The FDA approves three types of medications for opioid withdrawal: methadone, buprenorphine, and naltrexone. These medications can ease withdrawal symptoms, manage drug cravings, and help a person refrain from returning to drug use.
- Methadone: A long-acting opioid agonist, methadone has one of the longest durations of action, with a half-life of up to 59 hours. This makes it a candidate for substitution with a short-acting opioid like tramadol as it stays in a person’s system longer, thus keeping withdrawal symptoms at bay. Methadone is still an opioid, however, with its own potential for abuse, dependency, and addiction; it should therefore be used with caution.
- Buprenorphine: Another long-acting partial opioid agonist, buprenorphine also fills opioid receptors for a longer amount of time than tramadol; however, buprenorphine is only a partial opioid agonist, meaning it shouldn’t activate these receptors in the same way. While it can help minimize opioid withdrawal symptoms, it shouldn’t cause a person to feel “high” or produce the same mind-altering effects. Buprenorphine may also have a plateau effect, meaning that if someone attempts to take more than the recommended dose, the drug will no longer produce any effect, thus reducing the desire to abuse it. The Substance Abuse and Mental Health Services Administration (SAMHSA) publishes that there are four types of buprenorphine products approved by the FDA for the treatment of opioid dependency: Subutex and other buprenorphine transmucosal products, Zubsolv, Suboxone, and Bunavail. Suboxone, Zubsolv, and Bunavail all contain buprenorphine and the opioid antagonist naloxone.
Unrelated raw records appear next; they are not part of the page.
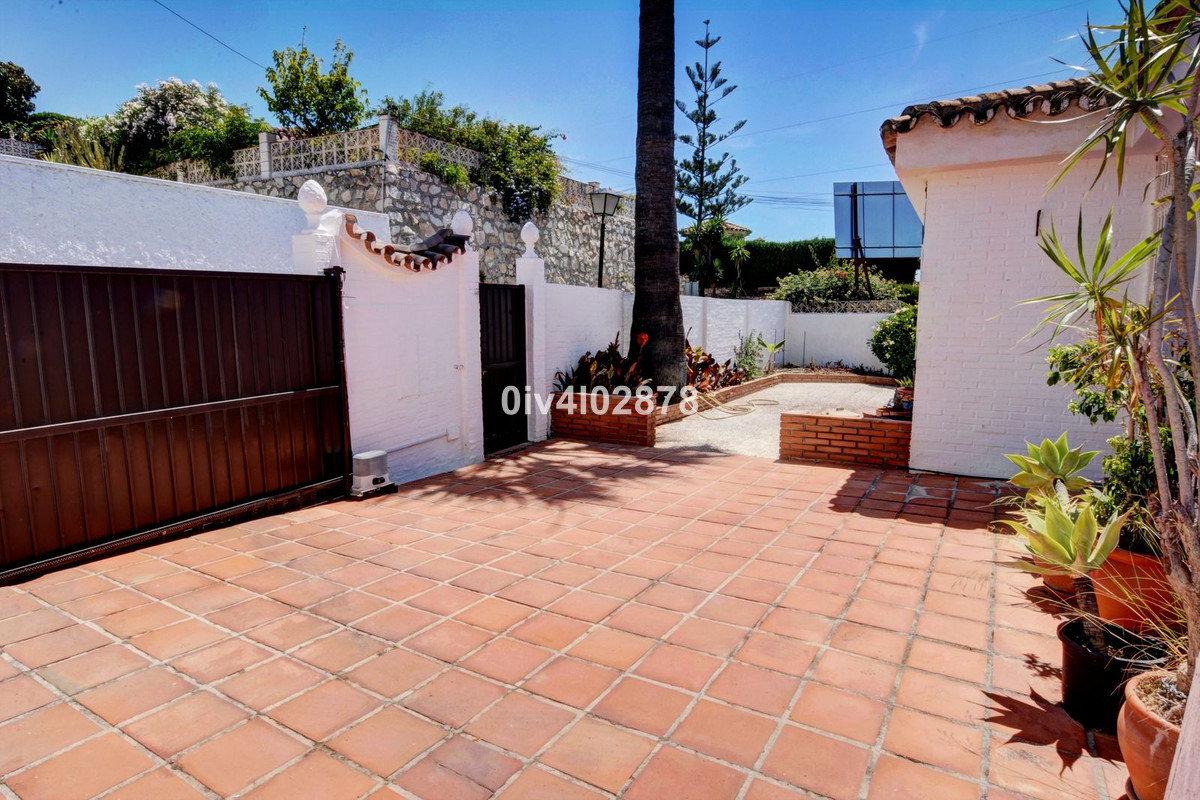 Se vende Villa - Chalet de 5 dormitorios en Costa Del Sol, Málaga, España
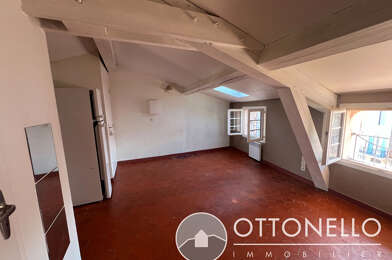 Appartement 2 pièces 460 €
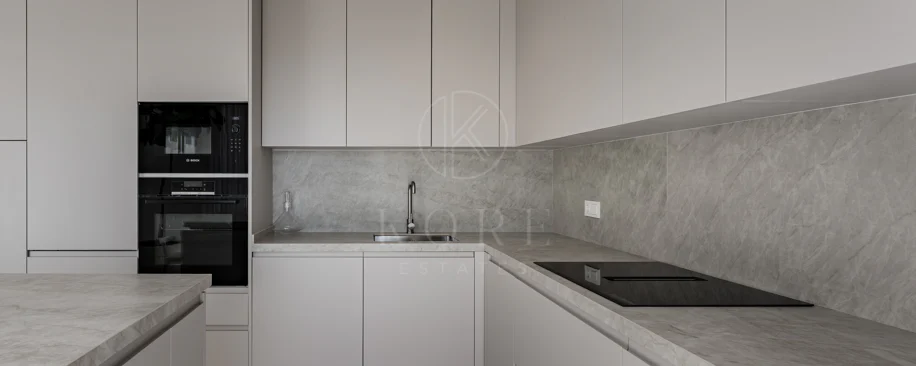 Stunning Duplex Penthouse with Private Pool and Panoramic Views in La Quinta, Benahavís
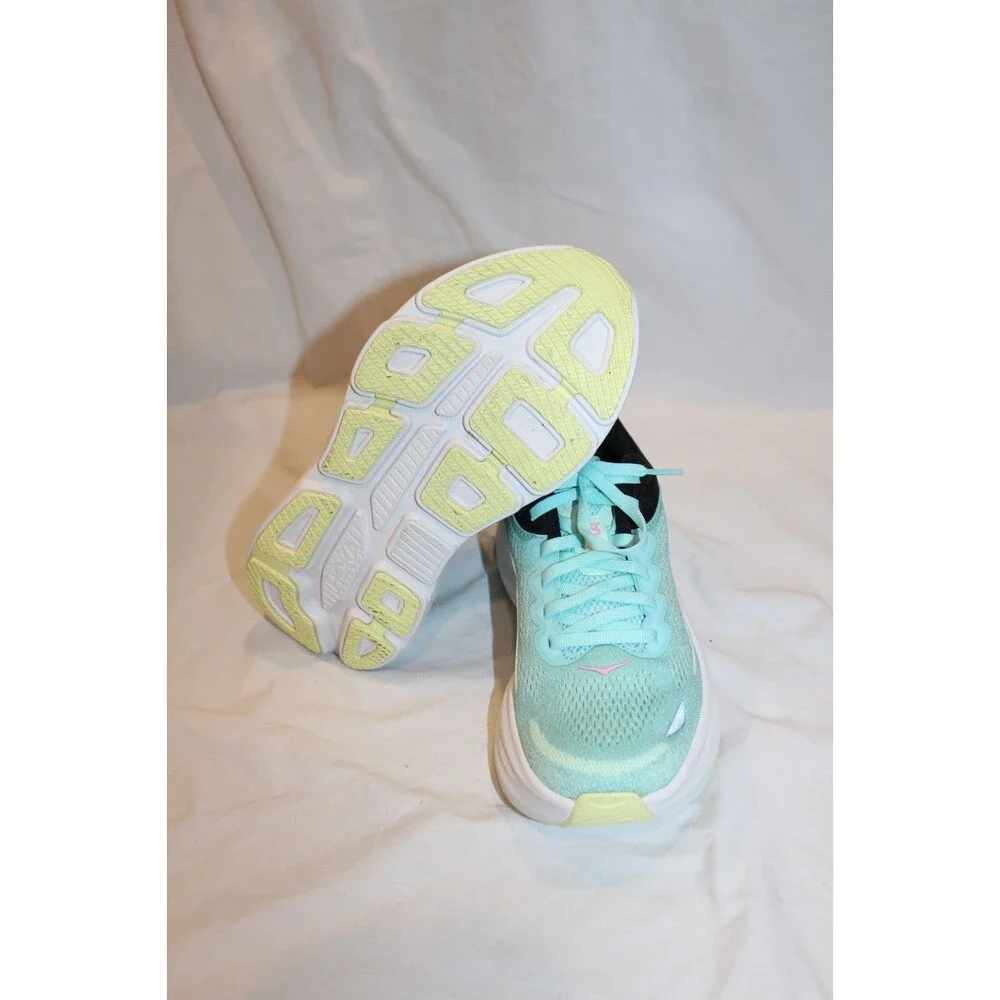 Hoka One One take your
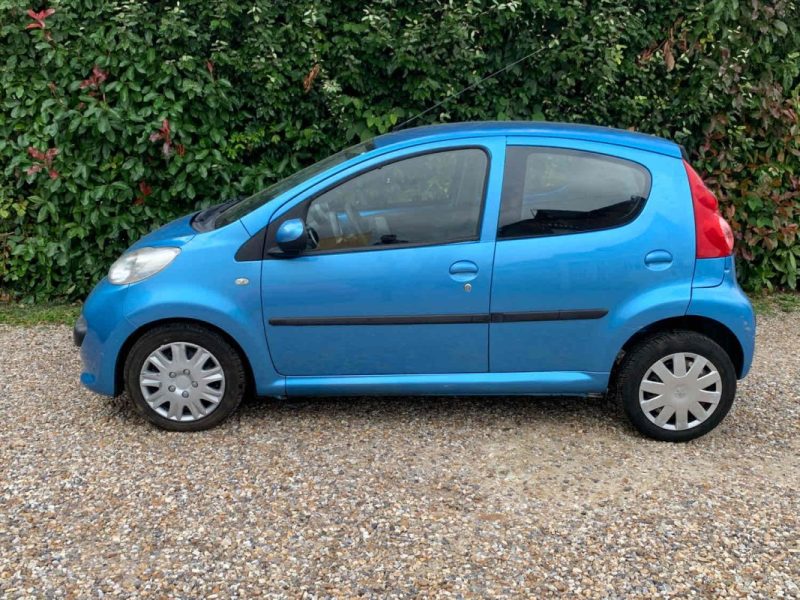 PEUGEOT 107 1.4 HDI TRENDY 2008
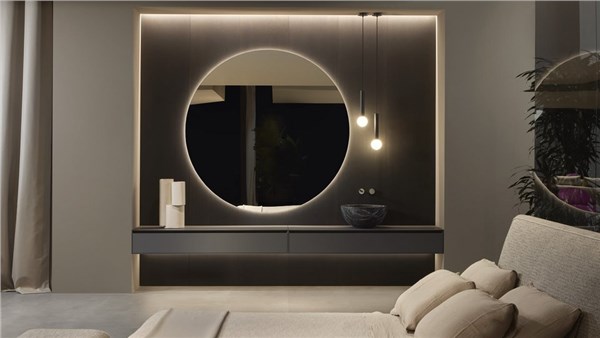 Bagno con grande specchio circolare retroilluminato e lavabo su mensola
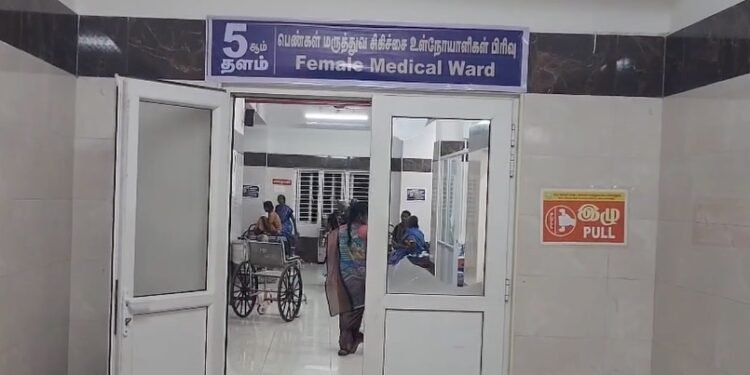மயிலாடுதுறை மாவட்ட அரசு மருத்துவமனையின் மகளிர் வார்டில் அத்துமீறி நுழைந்த வாலிபர் கைது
If the product is abused, naloxone can precipitate withdrawal symptoms and therefore acts as an abuse-deterrent. Buprenorphine products containing naloxone may be helpful to prevent relapse, and they are optimal when used after the initial stages of detox.
- Naltrexone: As an opioid antagonist, naltrexone may be best suited for use after early withdrawal, when tramadol is fully removed from the body to maintain opioid abstinence. Naltrexone products include Vivitrol, ReVia, and Depade, the National Institute on Drug Abuse (NIDA) reports. They work by blocking opioid receptors from being activated by opioid drugs.